→ WHAT THIS TASK INVOLVES
Reproduce the complete set of records exactly. No picture is to appear in the copy.

→ GIVEN ENTRIES
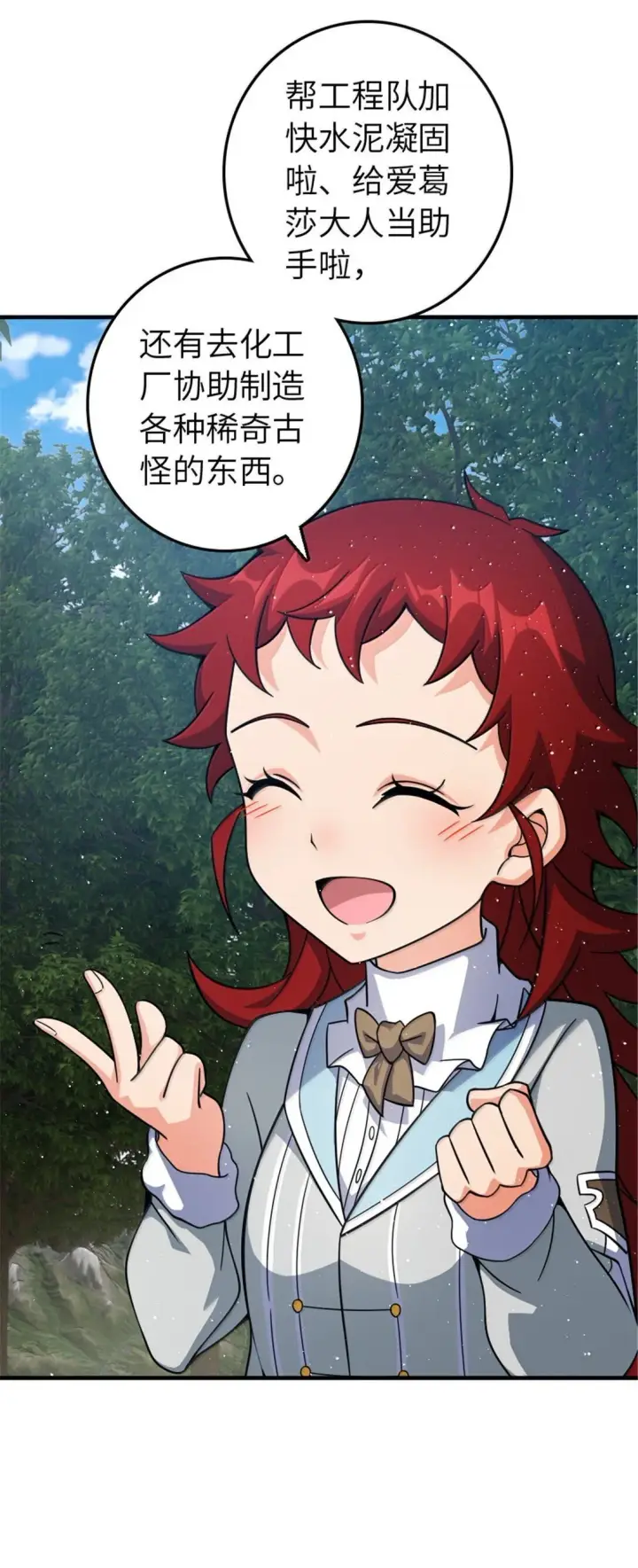 漫画《放开那个女巫》641 我喜欢你，还有大家第33张图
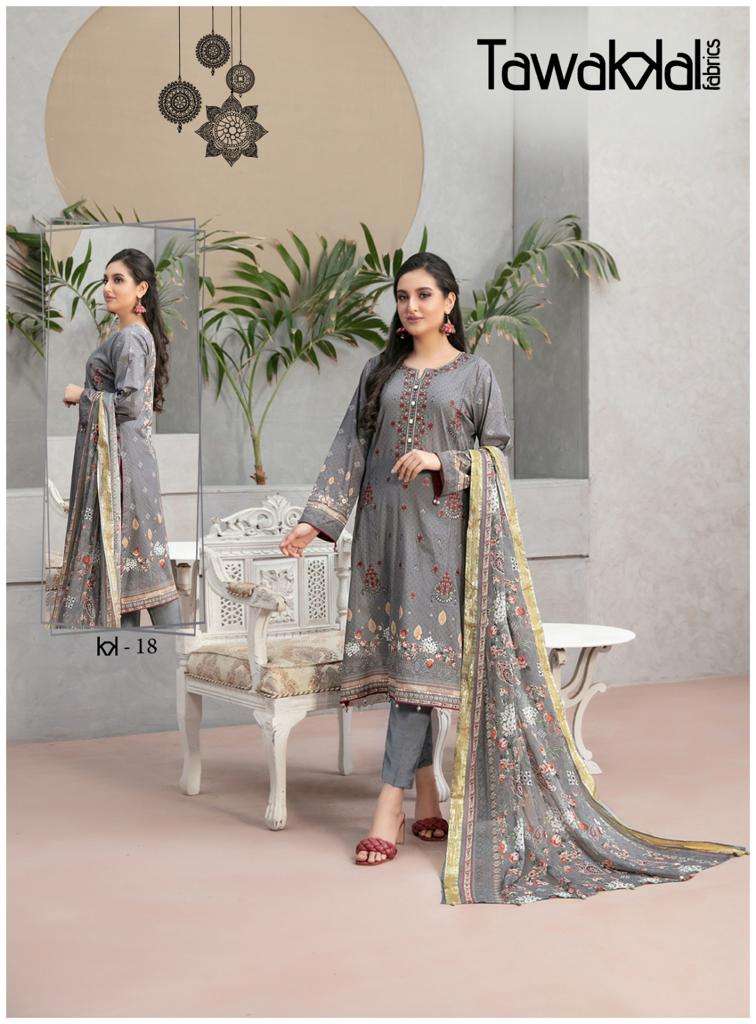 Mehroz Vol-2 By Tawakkal Fab 11 To 20 Series Designer Festive Suits Beautiful Stylish Fancy Colorful Party Wear & Occasional Wear Pure Cotton Print Dresses At Wholesale Price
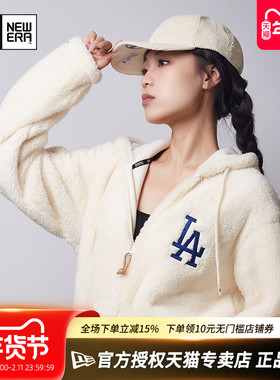 NewEra纽亦华MLB秋冬男女摇粒绒加厚保暖连帽抓绒衣外套13338645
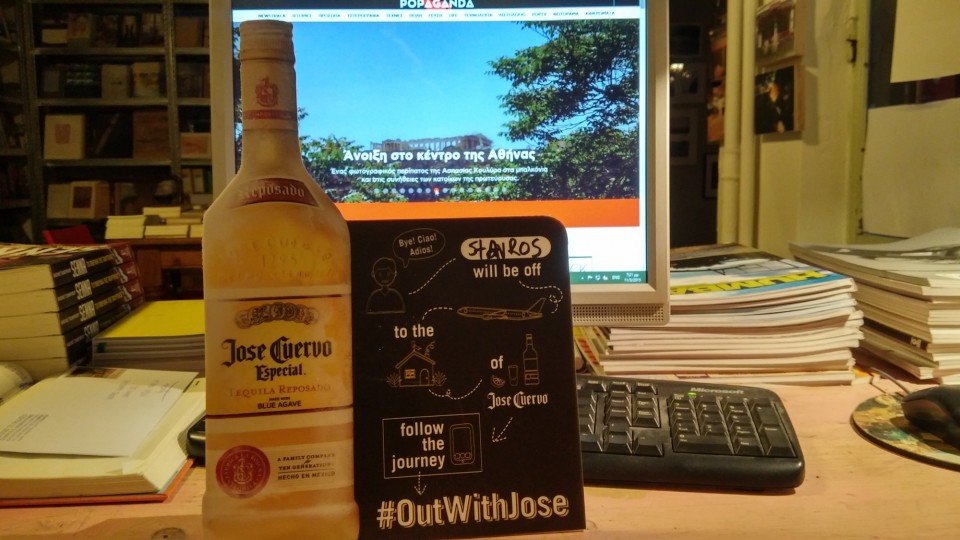 Αφήνοντας την Αθήνα για το άγνωστο. Το τρακ είναι εμφανές αφού δεν μπόρεσα να γράψω καλά το όνομα μου. 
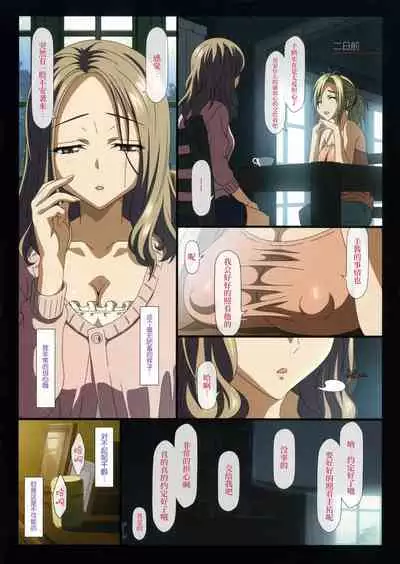 (C91) [Makino Jimusho (Taki Minashika)] SISTERS ~Kakusareta Kioku~ 2012-2015 (SISTERS -Natsu no Saigo no Hi-) [Chinese] [不咕鸟汉化组]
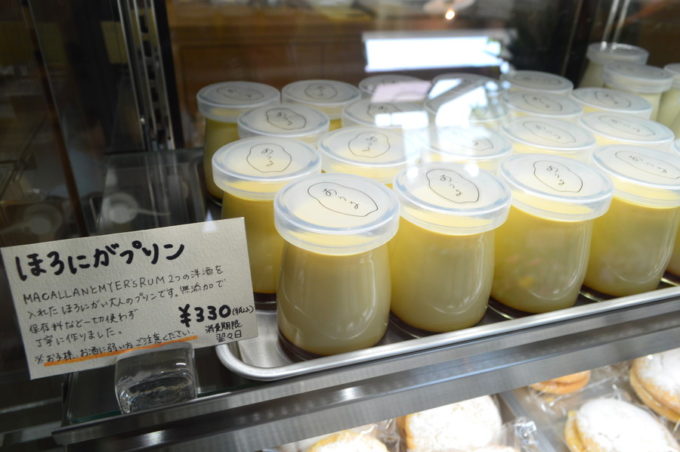 あうるープリン③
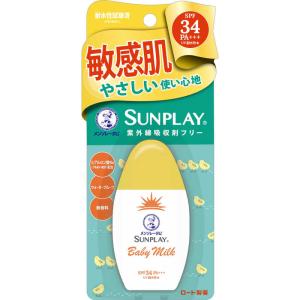 サンキラー パーフェクトウォーターエッセンス N ( 50g )/ 日焼け止め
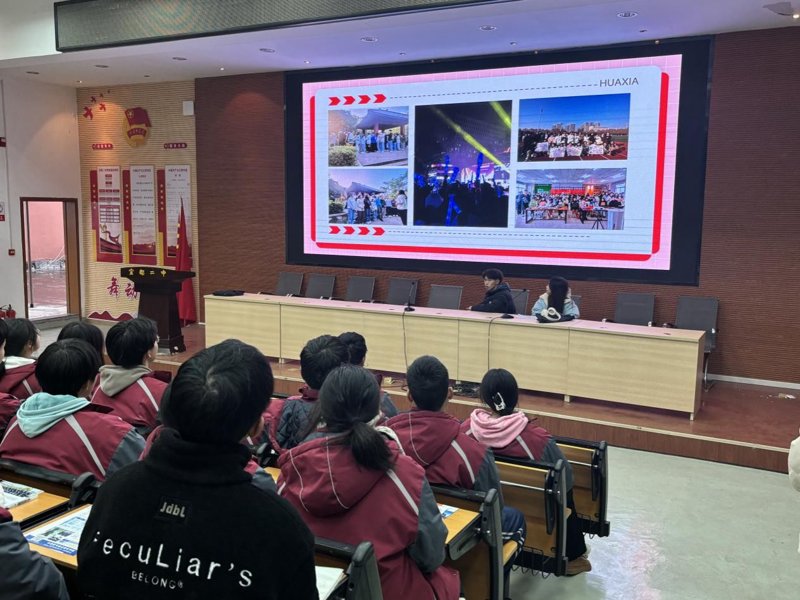 宜都网站建设：构筑你的品牌舞台
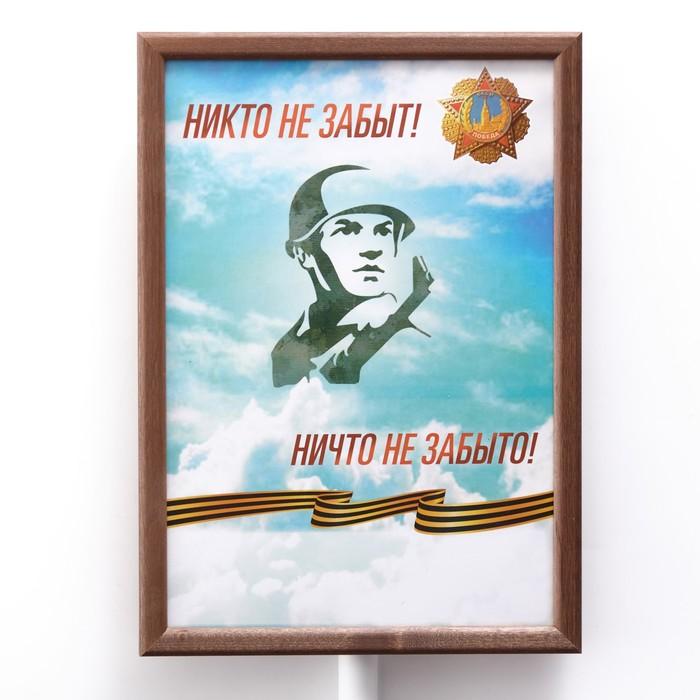 offer image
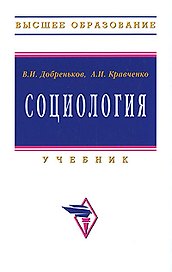 Социология: Учебник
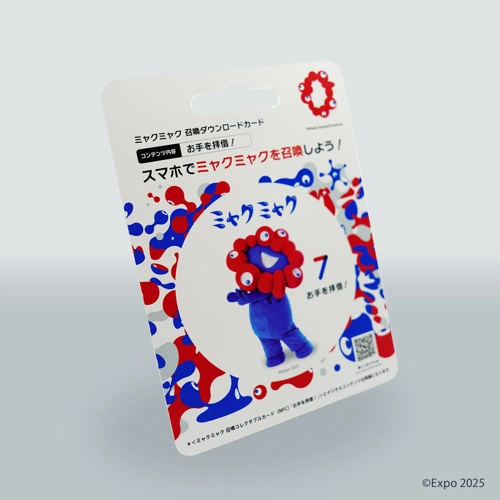 EXPO2025 ミャクミャク 召喚ダウンロードカード お手を拝借!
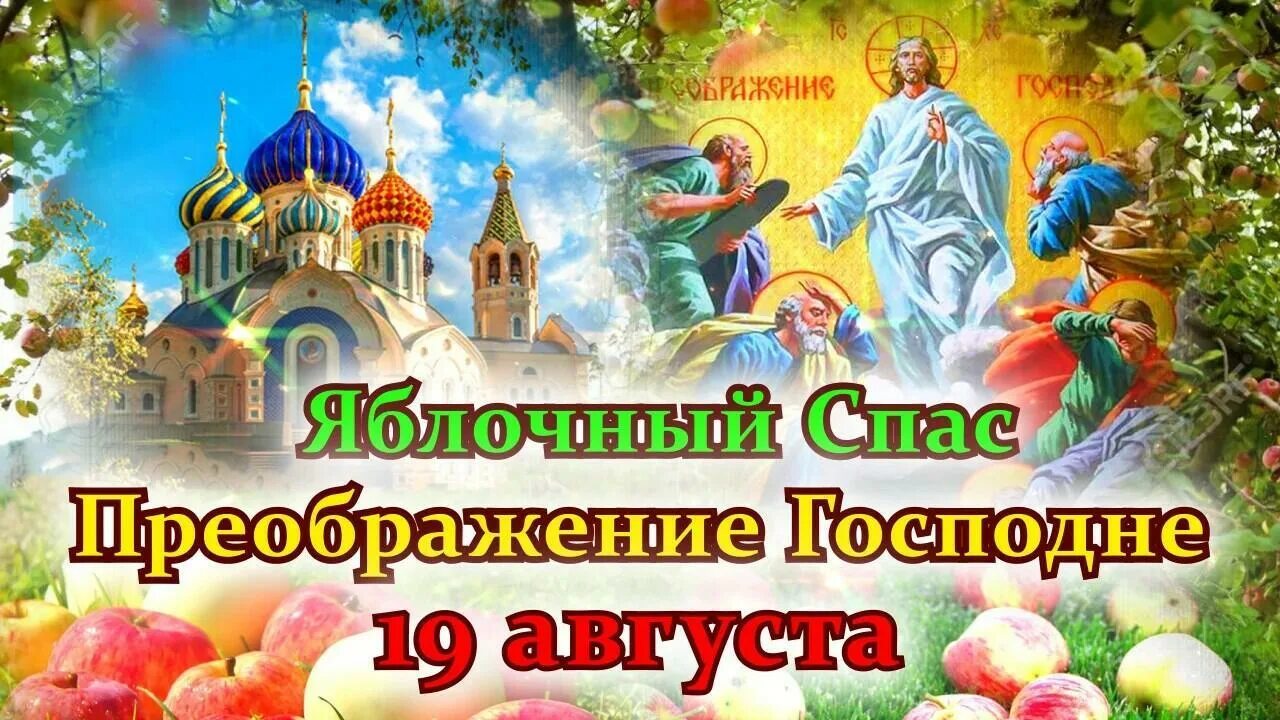 Преображение господне 2025. 19 августа преображение господне. яблочный спас. с преображением господним и яблочным спасом. открытки с преображением господним и яблочным спасом.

→ YOUR RESPONSE
 漫画《放开那个女巫》641 我喜欢你，还有大家第33张图
 Mehroz Vol-2 By Tawakkal Fab 11 To 20 Series Designer Festive Suits Beautiful Stylish Fancy Colorful Party Wear & Occasional Wear Pure Cotton Print Dresses At Wholesale Price
 NewEra纽亦华MLB秋冬男女摇粒绒加厚保暖连帽抓绒衣外套13338645
 Αφήνοντας την Αθήνα για το άγνωστο. Το τρακ είναι εμφανές αφού δεν μπόρεσα να γράψω καλά το όνομα μου. 
 (C91) [Makino Jimusho (Taki Minashika)] SISTERS ~Kakusareta Kioku~ 2012-2015 (SISTERS -Natsu no Saigo no Hi-) [Chinese] [不咕鸟汉化组]
 あうるープリン③
 サンキラー パーフェクトウォーターエッセンス N ( 50g )/ 日焼け止め
 宜都网站建设：构筑你的品牌舞台
 offer image
 Социология: Учебник
 EXPO2025 ミャクミャク 召喚ダウンロードカード お手を拝借!
 Преображение господне 2025. 19 августа преображение господне. яблочный спас. с преображением господним и яблочным спасом. открытки с преображением господним и яблочным спасом.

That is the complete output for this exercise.